» Activity
Within the entries below, please return exactly the lines from the one with "Pre Owned حذاء" through the one with "2023 Ford F-150 XLT FWD", leaving out any pictures.

» Data supplied
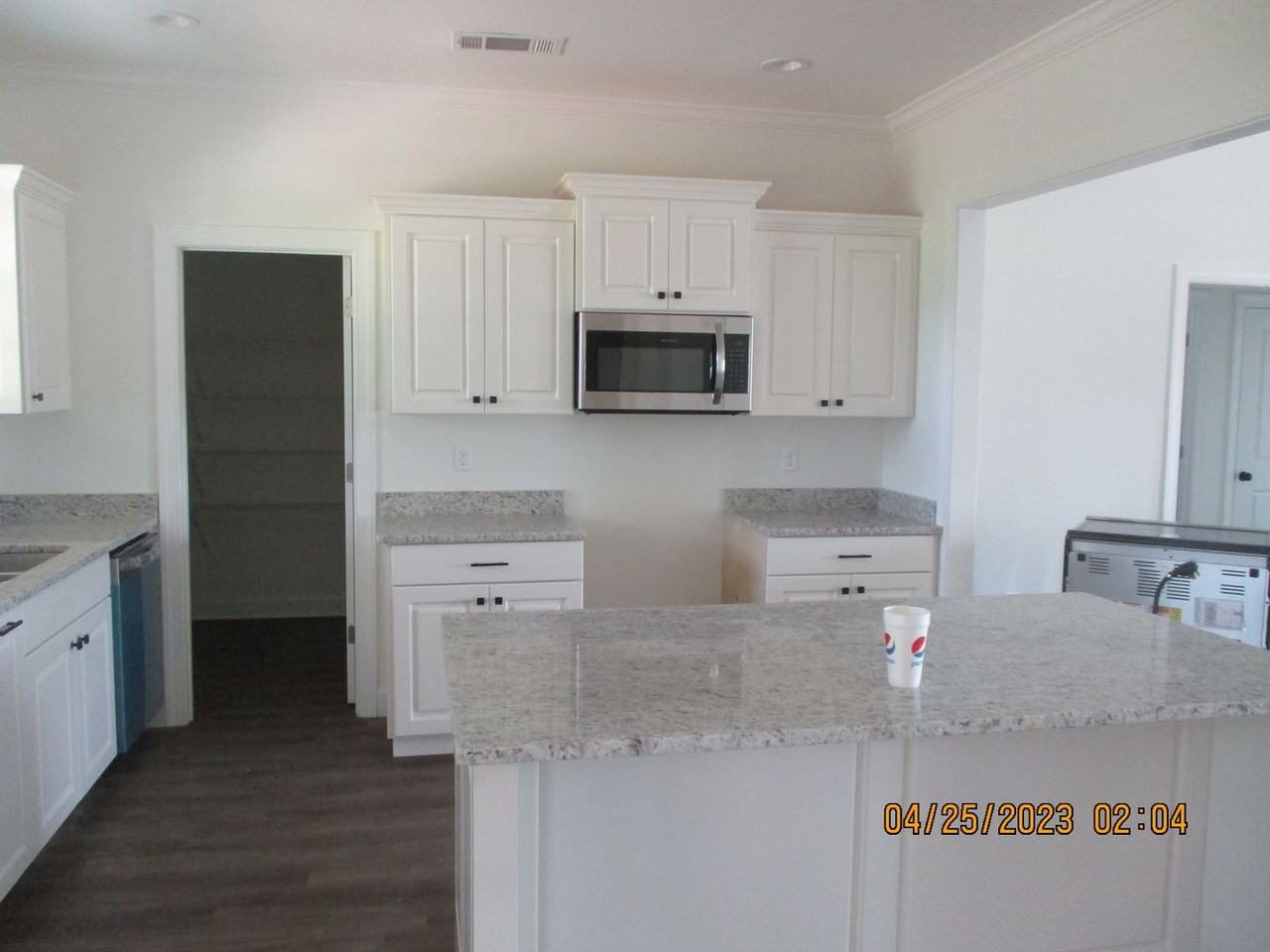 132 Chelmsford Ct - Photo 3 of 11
--
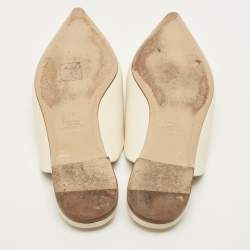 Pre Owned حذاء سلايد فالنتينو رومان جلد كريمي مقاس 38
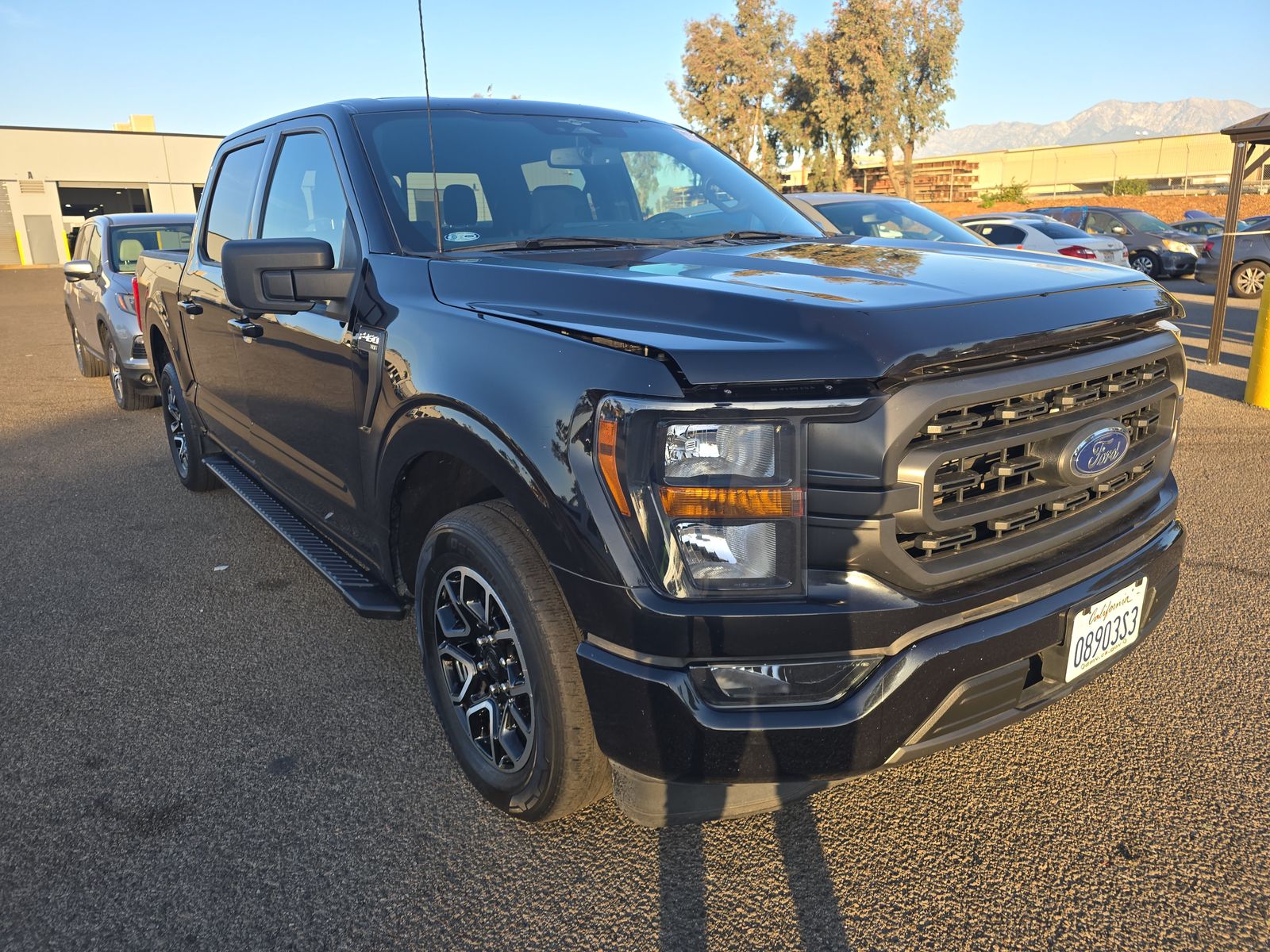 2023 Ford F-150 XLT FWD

» Answer for this exercise
 Pre Owned حذاء سلايد فالنتينو رومان جلد كريمي مقاس 38
 2023 Ford F-150 XLT FWD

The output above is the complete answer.